Background on new graph specification

Hi all, I noticed that the “Specification” page was updated (dask/dask#11915), so that the “plain” representation of the graph using “ordinary Python data structures” is now legacy, and the new one uses DataNode, Task and List objects, and manages references explicitly with .ref() rather than implicitly.

Would love to know more about the background and rationale, and couldn’t find it. I notice these objects have been introduced a while ago, but only now the documentation has been updated. Are these the result of the work that started with High Level Query Optimization in Dask ? Is there any writeup on why the legacy “plain” dictionary representation of the graph wasn’t enough for what the Dask project wants to achieve? And one more thing, does the new spec fundamentally change how indirect dependencies are expressed?

(I put this in “Dask Bag” because I don’t think it neatly fits in the other categories, but feel free to move the post)

Hi @astrojuanlu, welcome to Dask discourse!

Well, I guess you’ve read the new page, but I’ll still put the explanation at the end of the page here:

The tuples are objectively a more compact representation than the Task class so why did we choose to introduce this new representation?

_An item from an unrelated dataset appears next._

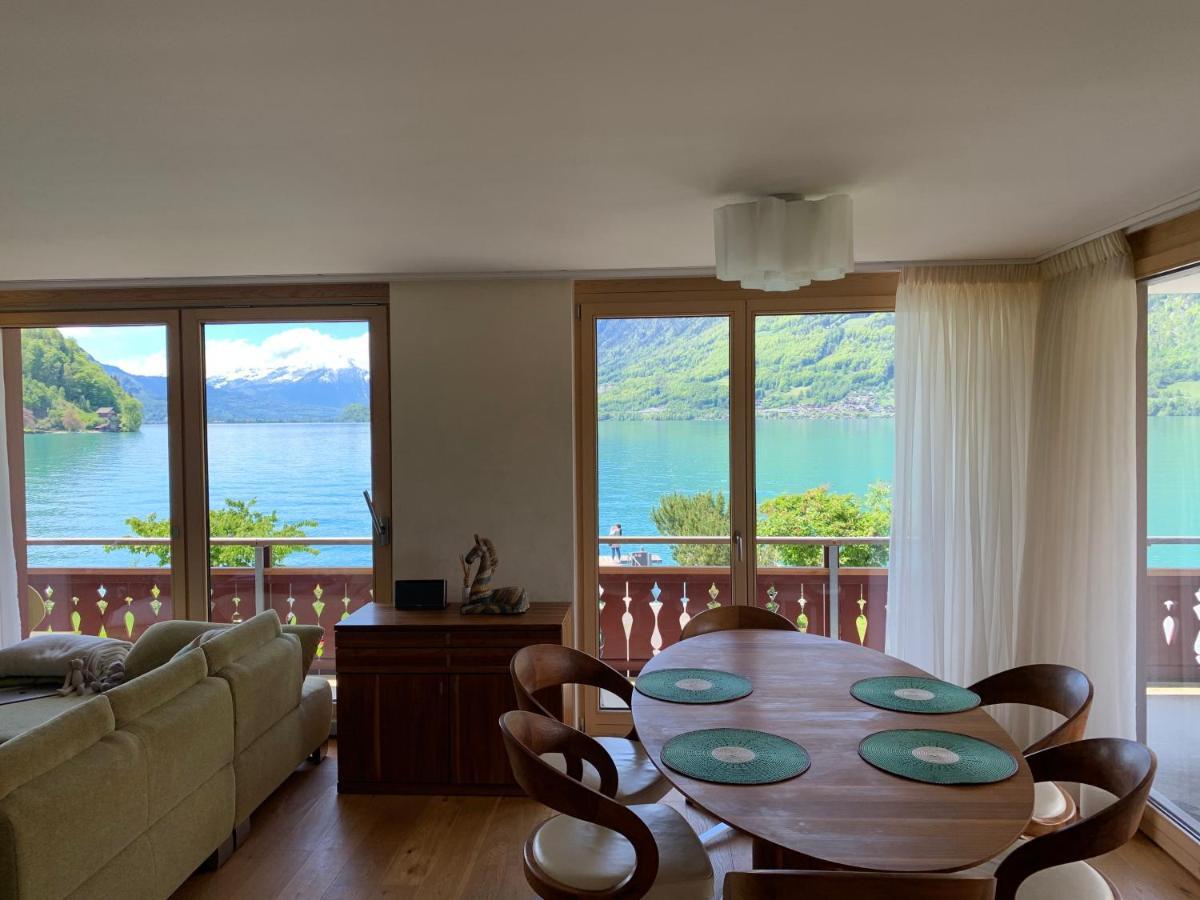 Seehaus Lake View 3-Bedroom Apartment Iseltwald Dış mekan fotoğraf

As a tuple, the task is not self-describing and heavily context dependent. The meaning of a tuple like (func, "x", "y") is depending on the graph it is embedded in. The literals x and y could be either actual literals that should be passed to the function or they could be references to other tasks. Therefore, the interpretation of this task has to walk the tuple recursively and compare every single encountered element with known keys in the graph. Especially for large graphs or deeply nested tuple arguments, this can be a performance bottleneck. For APIs that allow users to define their own key names this can further cause false positives where intended literals are replaced by pre-computed task results.

And I think this was also introduced with the work started in dask-expr, so query optimizations.

I’m not sure about this question. This shouldn’t have any impact on the use of Dask APIs or your usage of Dask.

cc @fjetter @Patrick

Uh how embarrasing, I missed that section every time. Thanks for highlighting it :folded_hands: as well as the extra context!